Suspended Embrace (2019)

This project addresses the ~68 million refugees and migrants worldwide, and stems from seeing footage of aid workers wrapping emergency blankets around the shoulders of newly-arrived refugees. The tenderness of that momentary act of embrace and the temporary warmth provided by the thin material seemed to offer a brief reprieve from an uncertain future, given the growing backlash against those seeking safety beyond the borders of their homeland. This series of work explores the tension between the temporary and the permanent, the fragile and the resilient, and seeks to prolong or suspend the moment of embrace.  

Diaspora (2019)

This quilt made of emergency blankets depicts the Authagraph projection of the world map in embroidered French knots. This projection more accurately represents the relative sizes of the continents, and is viewed from a celestial reference point at the north pole rather than privileging any particular country, appealing to a broader sense of humanity that supersedes national borders. 

The areas with more green indicate regions people are migrating to.

Growing in circles (2019)

About 28 million children are displaced worldwide.

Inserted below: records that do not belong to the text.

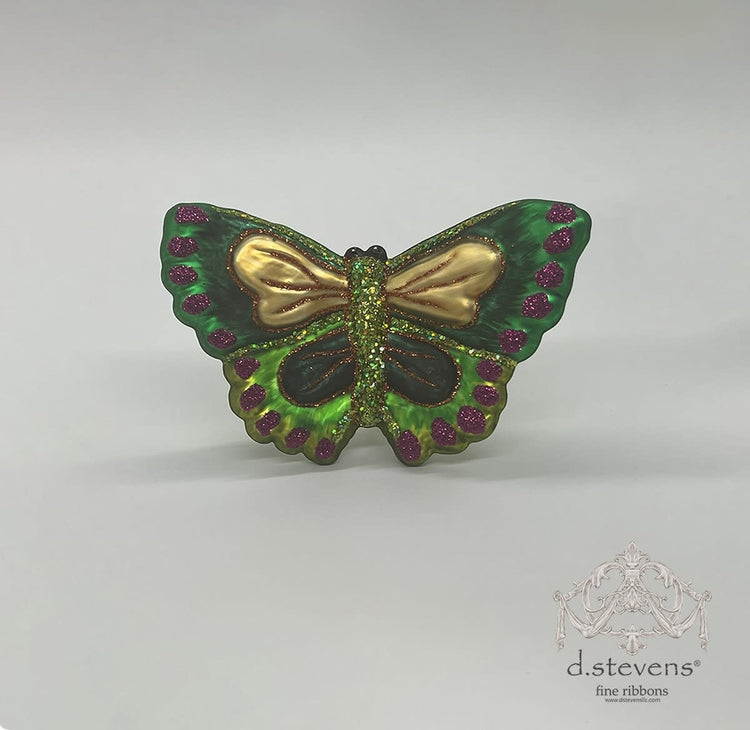 3.75-inch green glass butterfly ornament with gold wings and purple glitter accents.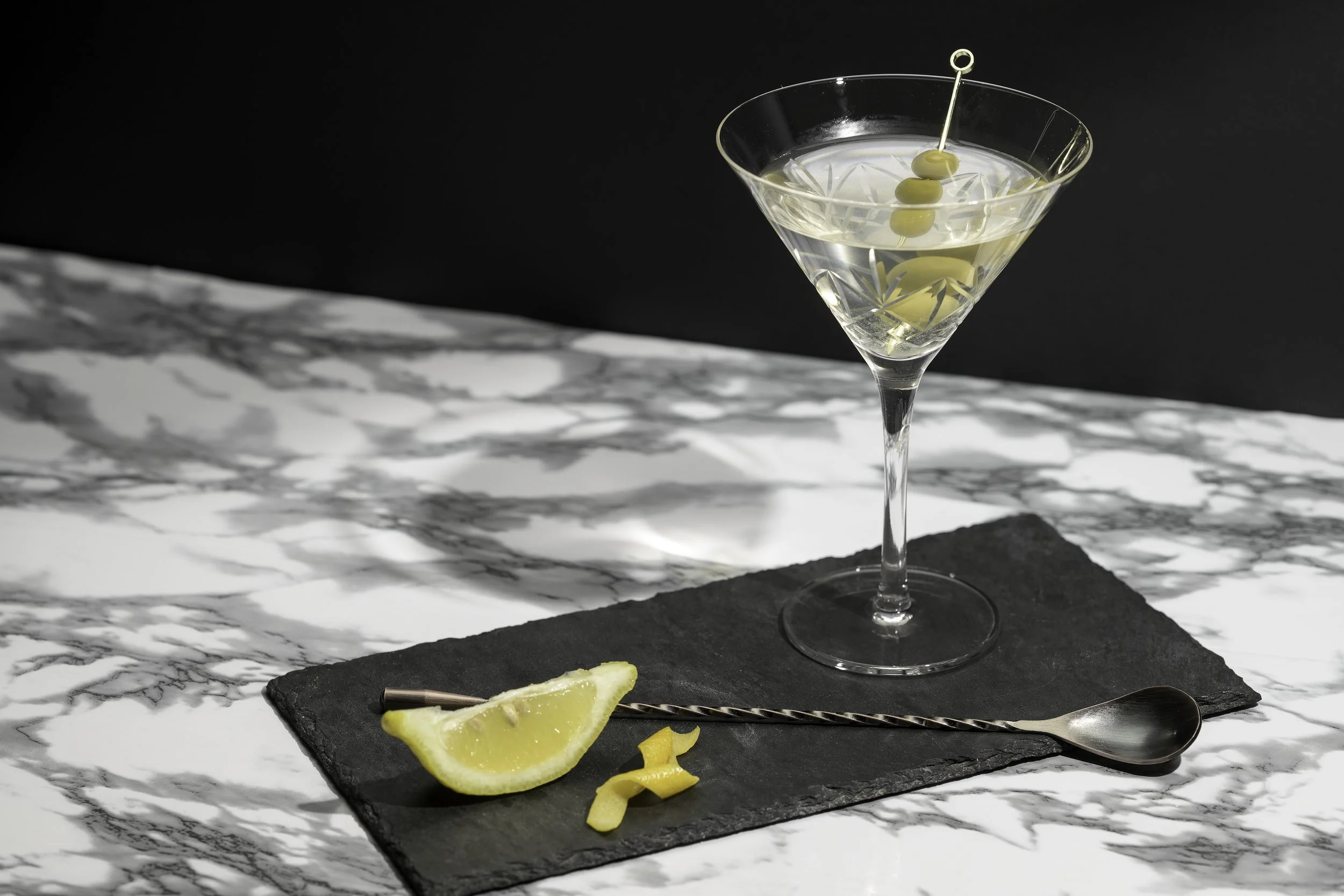 A cocktail glass with a clear drink and olive skewers, a lemon wedge, and lemon peel on a black slate serving board on a marble countertop.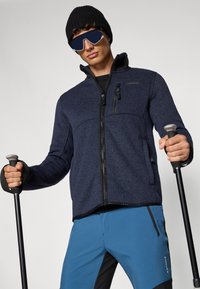 Jachetă din fleece navy cu fermoar frontal, două buzunare cu fermoar și un model texturat, asortată cu pantaloni albaștri și negri și bețe de trekking.
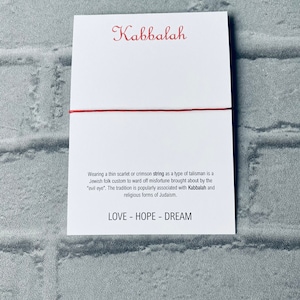 Pode incluir: Um bracelete de cord&atilde;o vermelho com a palavra "Kabbalah" impressa em um cart&atilde;o branco. O cart&atilde;o tamb&eacute;m inclui texto sobre a tradi&ccedil;&atilde;o de usar um cord&atilde;o vermelho como talism&atilde; para evitar a m&aacute; sorte.
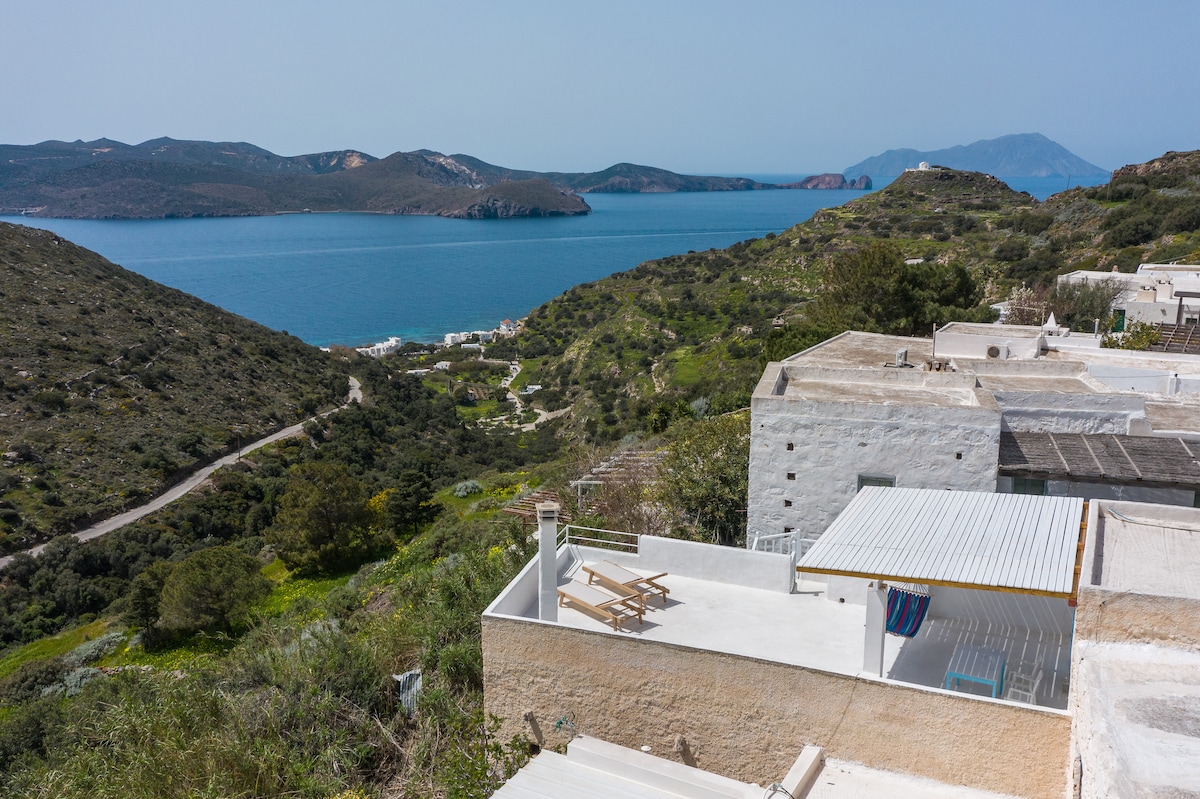 An expansive view reveals rolling green hills leading to a serene blue sea, with the coastline and distant mountains in the background. A private terrace, equipped with outdoor furniture, offers a clear perspective of the tranquil landscape and nearby village, inviting relaxation.
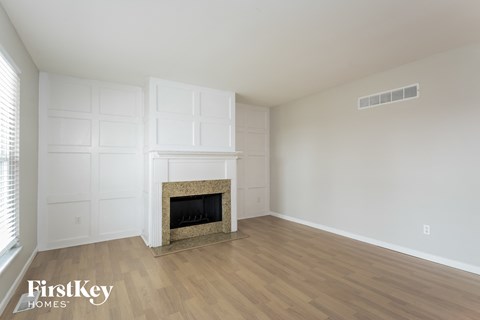 A room with a fireplace and wooden floors.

Kids in refugee camps often fashion soccer balls and other toys out whatever found materials are available, and rope/twine making is a time-honored technique that imbues fragile materials with remarkable strength. These toys made from emergency blankets evoke the tension between the possibility of a resilient, thriving generation and the impossibility of being caught up in hostile geopolitical circumstances.  

Passage (2019)

The parachute, which appears to be either deflating or just catching the air, evokes both a safe landing device and the miniaturized world of a childhood game. In this game, children stand all along the circumference of the parachute and fling it up so that it catches the air, enabling some to run across to the other side underneath the temporary dome before it collapses and find new neighbors on the other side, with repeated trials resulting in waves of movement.